> WHAT YOU ARE ASKED TO DO
While leaving the pictures out, set down only the lines from the one with "мастер-класс 05 Кожаный" through the end of the records, exactly as they stand.

> THE DATA
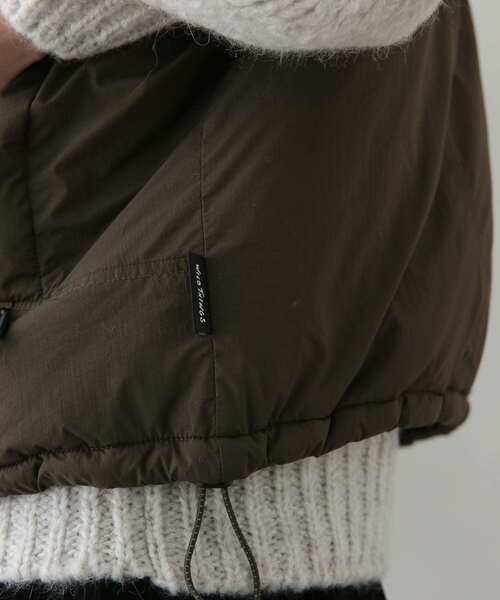 WILD THINGS（ワイルドシングス）の「『別注』WILDTHINGS×Sonny Label　MONSTER VEST（ダウンベスト・メンズ・カーキ/ブラック・MEDIUM/LARGE）」の13枚目の写真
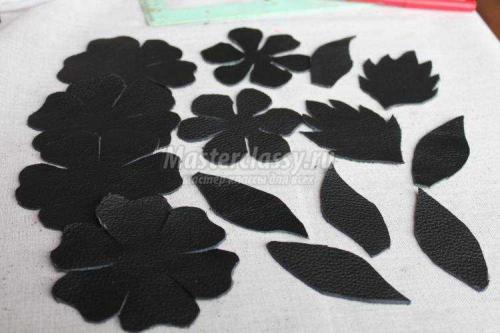 Кожаный декор резиновых сапожек. Цветы из кожи своими руками - мастер-класс 05 Кожаный декор резиновых сапожек. Цветы из кожи своими руками - мастер-класс 05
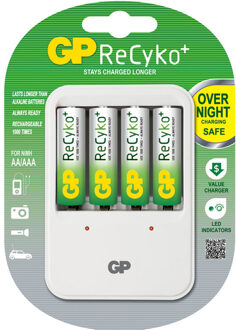 GP Powerbank PB420 + 4x AA Recyko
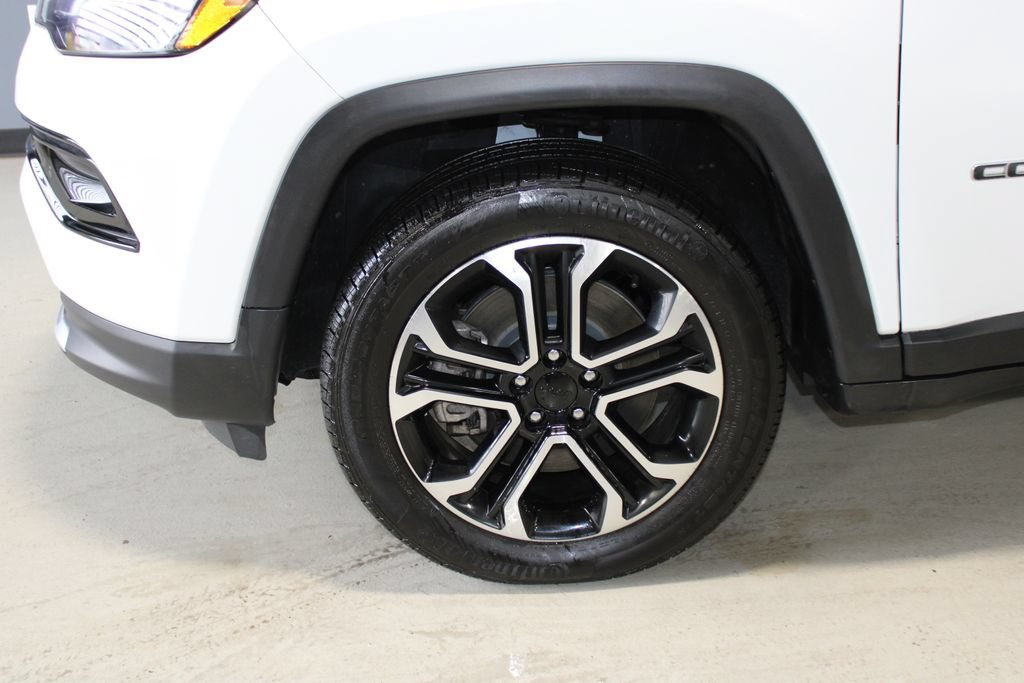Used 2023 Jeep Compass Limited AWD/4WD image 4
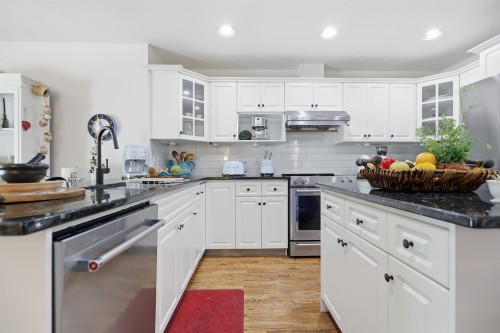 23711 106 Avenue, Maple Ridge, BC - Indoor Photo Showing Kitchen With Upgraded Kitchen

> RESPONSE TO THIS EXERCISE
 Кожаный декор резиновых сапожек. Цветы из кожи своими руками - мастер-класс 05 Кожаный декор резиновых сапожек. Цветы из кожи своими руками - мастер-класс 05
 GP Powerbank PB420 + 4x AA Recyko
Used 2023 Jeep Compass Limited AWD/4WD image 4
 23711 106 Avenue, Maple Ridge, BC - Indoor Photo Showing Kitchen With Upgraded Kitchen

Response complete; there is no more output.